Web page caption snippets:
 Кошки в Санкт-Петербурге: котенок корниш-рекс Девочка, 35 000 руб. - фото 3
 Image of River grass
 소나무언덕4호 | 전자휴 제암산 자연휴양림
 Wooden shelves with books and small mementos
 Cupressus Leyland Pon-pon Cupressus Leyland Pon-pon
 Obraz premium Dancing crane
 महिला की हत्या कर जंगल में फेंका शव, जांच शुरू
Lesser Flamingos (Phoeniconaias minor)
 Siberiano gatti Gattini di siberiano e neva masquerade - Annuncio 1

==

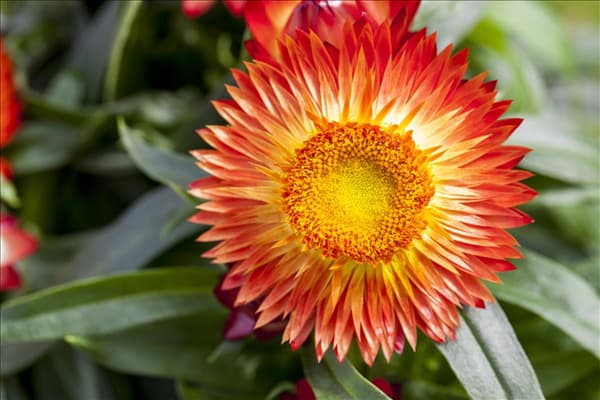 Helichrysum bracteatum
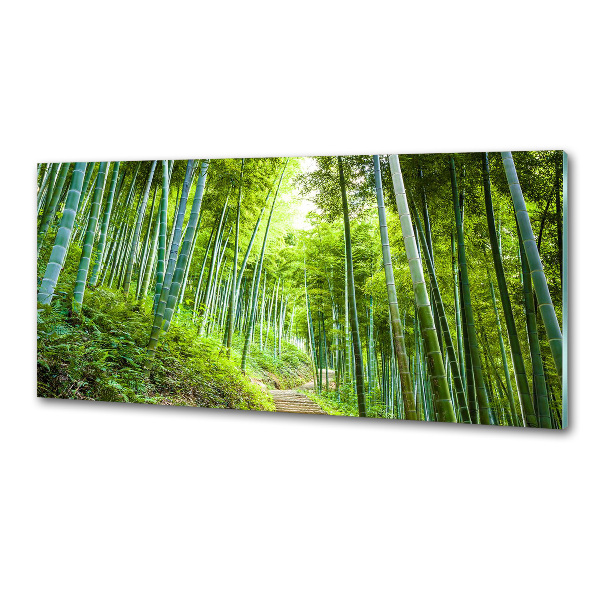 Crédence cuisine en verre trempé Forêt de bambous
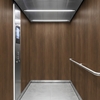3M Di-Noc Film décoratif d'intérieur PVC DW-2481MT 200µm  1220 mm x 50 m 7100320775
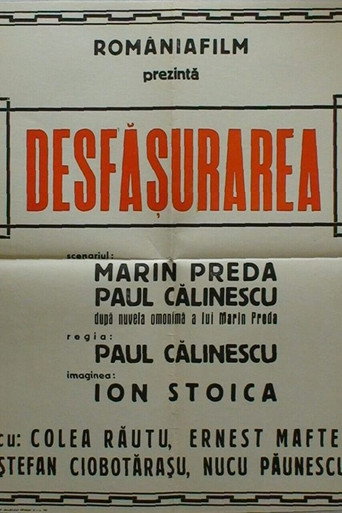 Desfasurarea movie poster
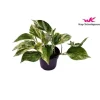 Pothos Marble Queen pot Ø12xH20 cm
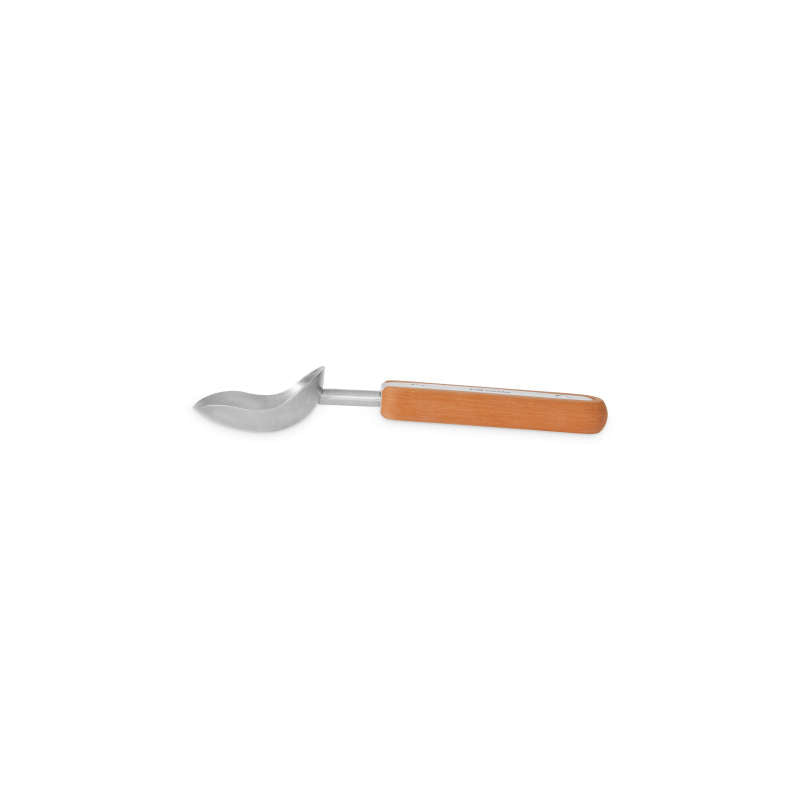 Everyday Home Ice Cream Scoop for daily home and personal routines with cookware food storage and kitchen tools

* EXERCISE GOAL
Of all the entries above, output exactly the lines between the one holding "Кошки в Санкт-Петербурге: котенок" and the one holding "Siberiano gatti Gattini", inclusive.

* OUTPUT OF THE TASK
 Кошки в Санкт-Петербурге: котенок корниш-рекс Девочка, 35 000 руб. - фото 3
 Image of River grass
 소나무언덕4호 | 전자휴 제암산 자연휴양림
 Wooden shelves with books and small mementos
 Cupressus Leyland Pon-pon Cupressus Leyland Pon-pon
 Obraz premium Dancing crane
 महिला की हत्या कर जंगल में फेंका शव, जांच शुरू
Lesser Flamingos (Phoeniconaias minor)
 Siberiano gatti Gattini di siberiano e neva masquerade - Annuncio 1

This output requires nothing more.